Protes Meluas, Militer Myanmar Gunakan Meriam Bungkam Pedemo

09 Februari 2021 14:02

GenPI.co - Pihak berwenang di Myanmar mengancam akan mengambil tindakan terhadap ribuan pengunjuk rasa yang melanggar hukum yang turun ke jalan di Naypyidaw.

Pernyataan itu dibacakan oleh seorang penyiar di MRTV yang dikelola pemerintah Myanmar pada Senin (8/2/2021) atas adanya pelanggaran hukum dan ancaman kekerasan oleh kelompok-kelompok tertentu.

BACA JUGA: OMG! China Akan Bangun Bendungan Terbesar di Dunia, Ini Tujuannya

“Tindakan harus diambil sesuai dengan hukum dengan langkah efektif terhadap pelanggaran yang mengganggu, mencegah dan menghancurkan stabilitas negara, keamanan publik dan supremasi hukum,” demikian pernyataan itu, seperti dilansir dari Reuters, Selasa (9/2/2021).

Para jenderal yang berkuasa sejauh ini menahan diri untuk tidak menggunakan kekuatan mematikan untuk memadamkan demonstrasi, tetapi memiliki sejarah panjang dalam melakukannya di masa-masa kekacauan sebelumnya.

Diketahui, seruan untuk bergabung dalam protes dan mendukung kampanye pembangkangan sipil semakin keras dan terorganisir sejak kudeta 1 Februari, yang menuai kecaman internasional yang meluas.

Di Yangon, perawat, guru, pegawai negeri dan biksu bergabung dalam protes, mereka memegang papan bertuliskan "Katakan tidak pada kediktatoran" dan "Kami ingin demokrasi".

Selain itu, para pengunjuk rasa mengibarkan bendera Buddha warna-warni di samping spanduk merah dengan warna Liga Nasional untuk Demokrasi (NLD) Aung San Suu Kyi.

Pengugunjuk rasa juga menyerukan "Bebaskan Pemimpin Kami, Hormati Suara Kami, Tolak Kudeta Militer."

Seorang perawat di rumah sakit pemerintah, Aye Misan, mengatakan bahwa petugas kesehatan ingin semua staf pemerintah bergabung dalam protes tersebut.

"Pesan kami kepada publik adalah bahwa kami bertujuan untuk sepenuhnya menghapus rezim militer ini dan kami harus berjuang demi takdir kami," katanya.

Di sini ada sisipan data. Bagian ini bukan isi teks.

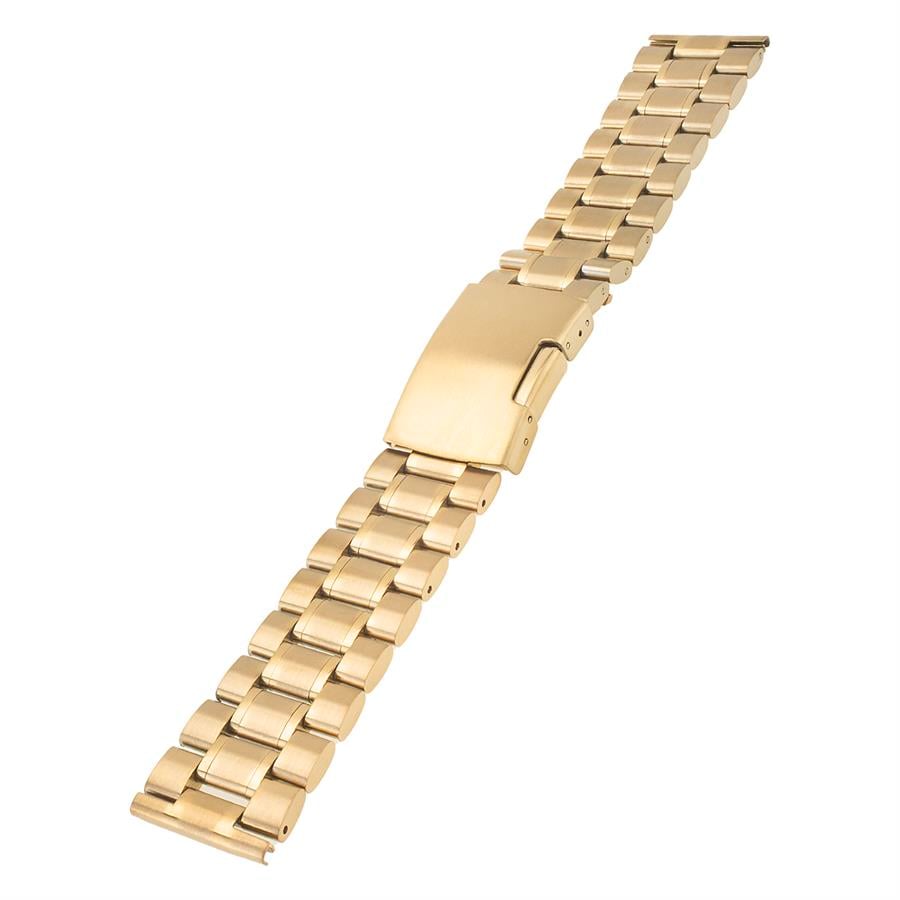 Cobra M16SSE-G Dolu Paslanmaz Çelik Gold Renk Saat Kordonu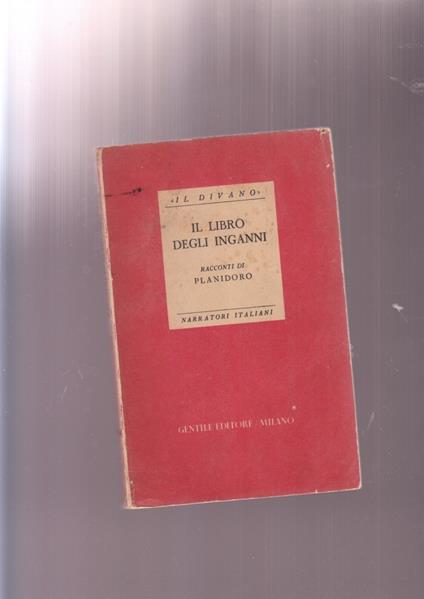 Racconti Planidoro IL LIBRO DEGLI INGANNI gentile editore - copertina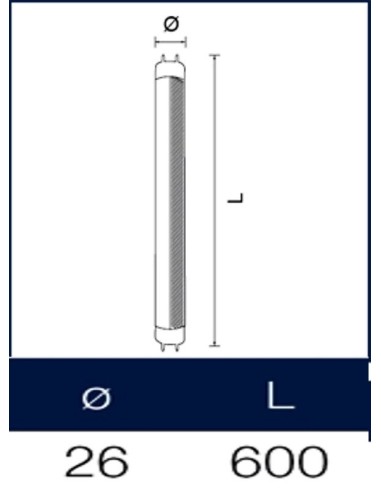 Tubo a led 60 cm cri 97 Wiva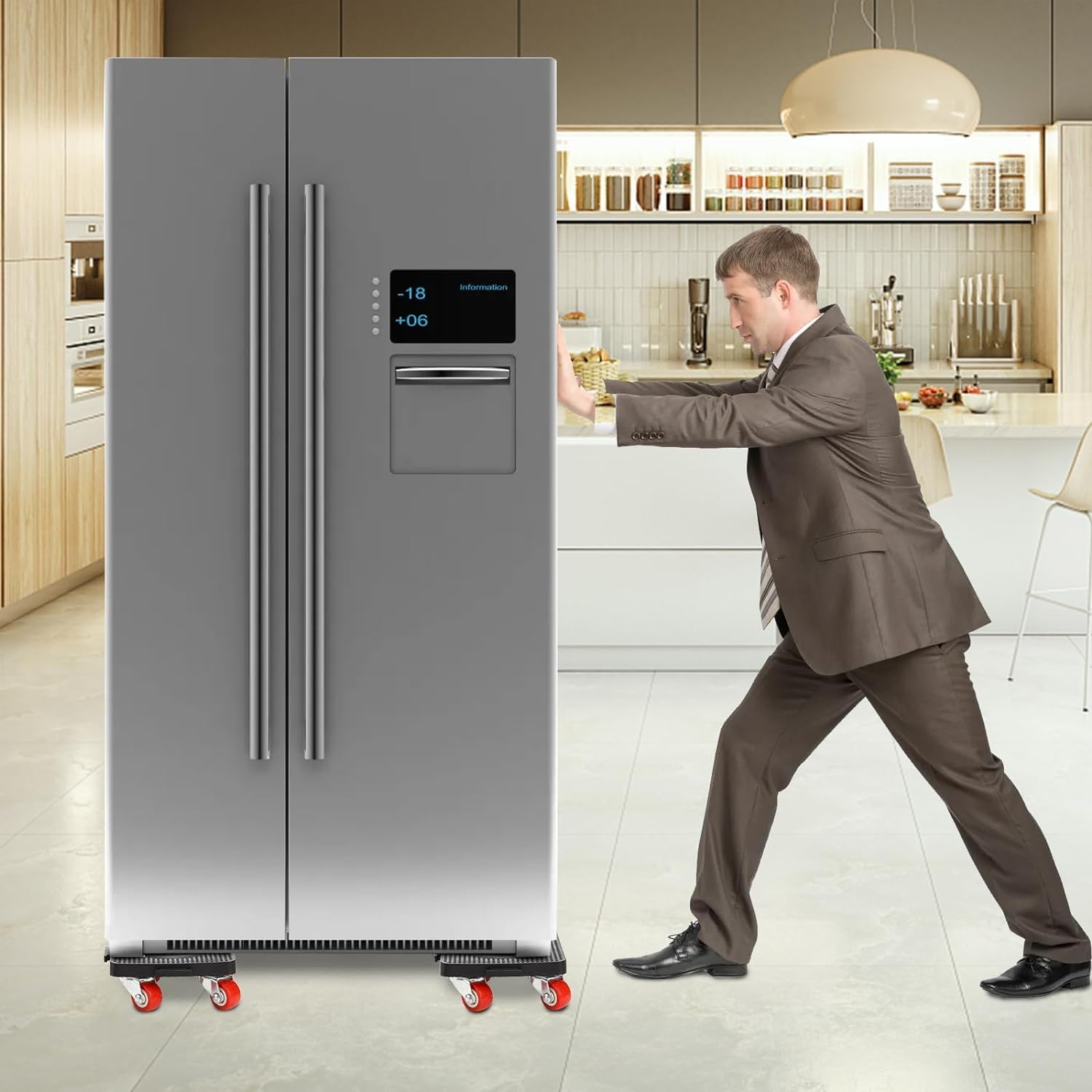 Mtxorvix 5 Pack Furniture Mover with Wheels and Furniture Lifter Set, 360&deg; Rotation Wheels Furniture Dolly Moving Tool for Easy Moving Heavy Furniture,Refrigerator,Sofa,Cabinet,Bed,300 Kg Capacity image number 2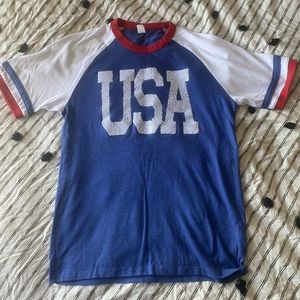 USA Ringer Tee
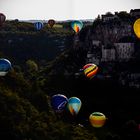 ROCAMADOUR DEPART DES MONGOLFIERES 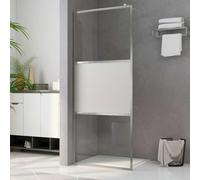 vidaXL mur de douche sans rendez-vous en verre meulé ESG 115 x 195 cm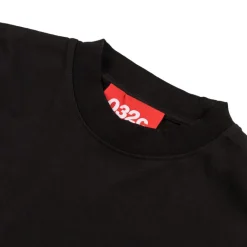 T-Shirts*032c ''Office Fruit'' Oversized Longsleeve Washed Black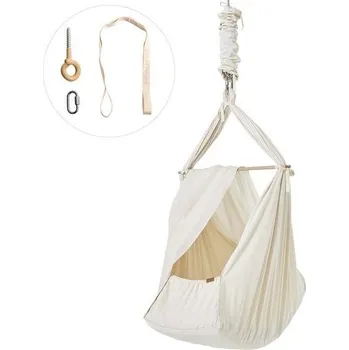 Houpací síť Membantu Premium Set 5 - Nature (Hamaka, sada pro stropní zavěšení)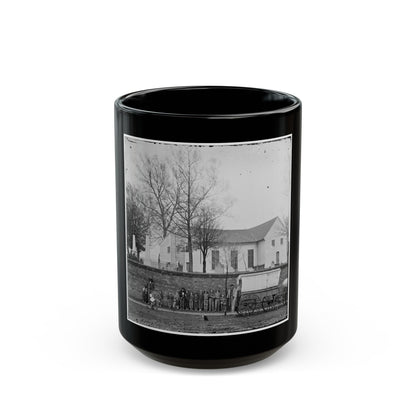 Richmond, Va. St. John's Church And Graveyard From Street (U.S. Civil War) Black Coffee Mug-15oz-The Sticker Space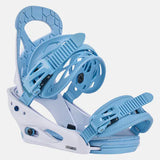 Burton - Junior's Smalls Bindings 2025 are white with light blue accents and straps.
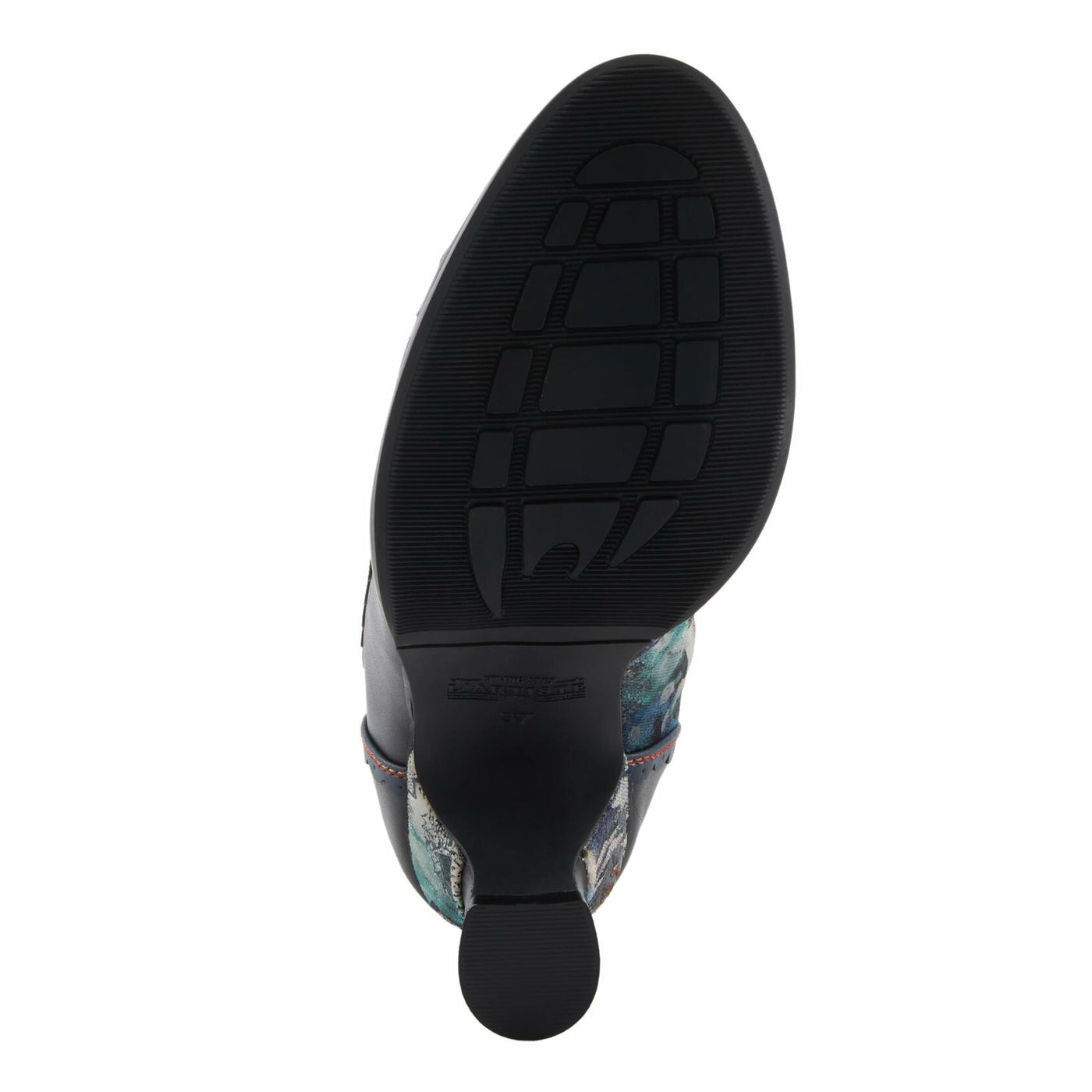 Spring Step L'Artiste Bewitch-Prit Boots | Elegant Hand-Painted Leather Ankle Booties NAVY MULTI EU 37 / US 6.5-7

Sedangkan, seorang insinyur, Kyaw Zin Tun, yang memprotes di Yangon, menerangkan bahwa dia mengikuti protes tersebut karena dia ingat rasa takut yang dia rasakan tumbuh di bawah pemerintahan militer selama masa kanak-kanaknya di tahun 1990-an.

“Dalam lima tahun terakhir, di bawah pemerintahan demokrasi, ketakutan kami hilang. Tapi sekarang ketakutan kembali lagi bersama kami, oleh karena itu, kami harus membuang junta militer ini demi masa depan kami semua,” jelas pria berusia 29 tahun itu.

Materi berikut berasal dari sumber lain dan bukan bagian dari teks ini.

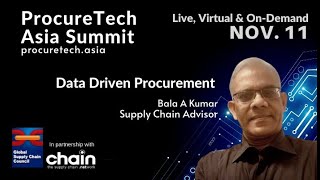 Recorded Nov 11 Data driven procurement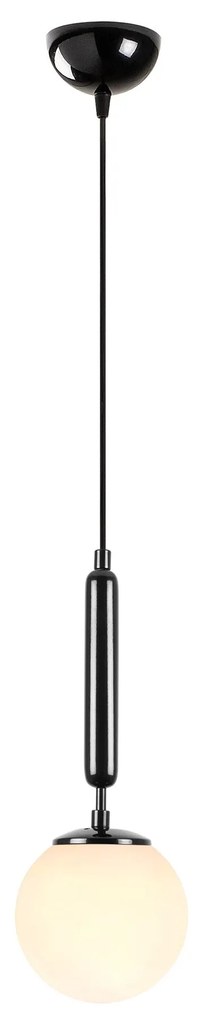 Candeeiro Suspenso King – Preto e Branco – 15 x 15 x 49 cm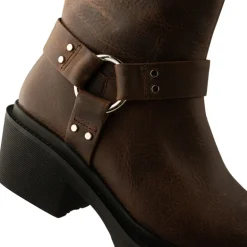Shoe The Bear Amina Biker Boots in Dark Brown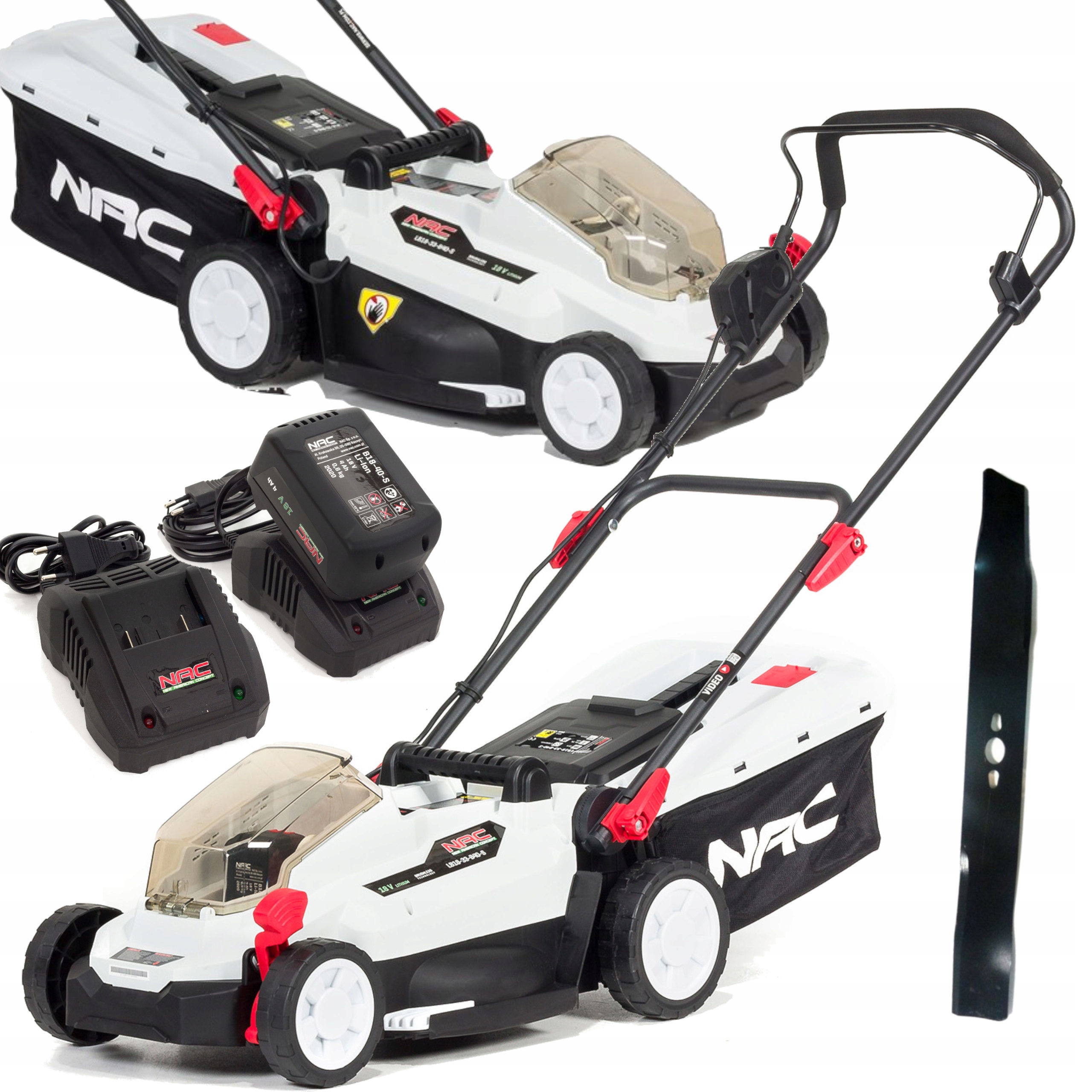 

Kosiarka Akumulatorowa Nac 18 V 33 cm 3w1 +aku 4Ah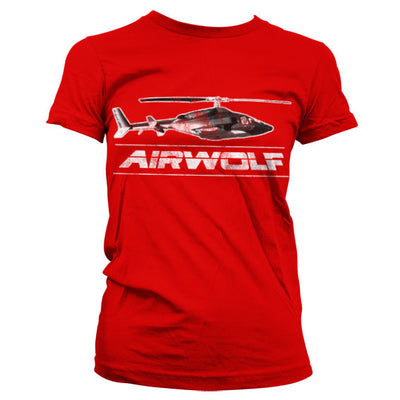 Airwolf - Chopper Distressed Women T-Shirt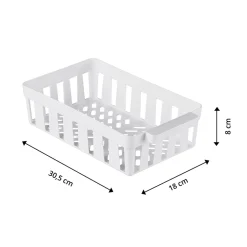 Kühlschrankorganizer|Kühlschrankzubehör|Die moderne Hausfrau Kühlschrank-Korbset, 3 Stück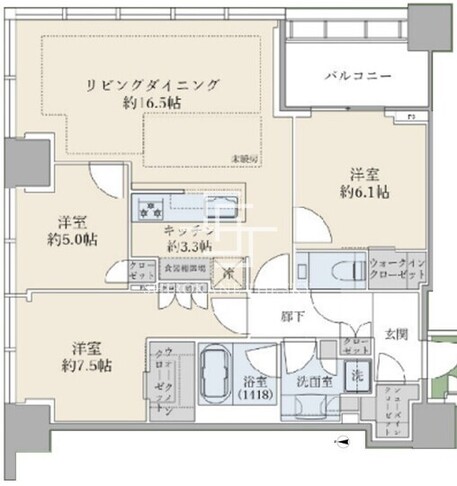 白金ザスカイ 2213 間取り図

Ribuan juga berbaris di kota selatan Dawei dan di ibu kota negara bagian Kachin yang jauh di utara, Myitkyina. Kerumunan besar yang mencerminkan penolakan kekuasaan militer oleh berbagai kelompok etnis.

Untuk menanggapi protes besar-besaran itu, dilaporkan terdapat sebuah konvoi truk militer tiba di Yangon, ini menimbulkan kekhawatiran.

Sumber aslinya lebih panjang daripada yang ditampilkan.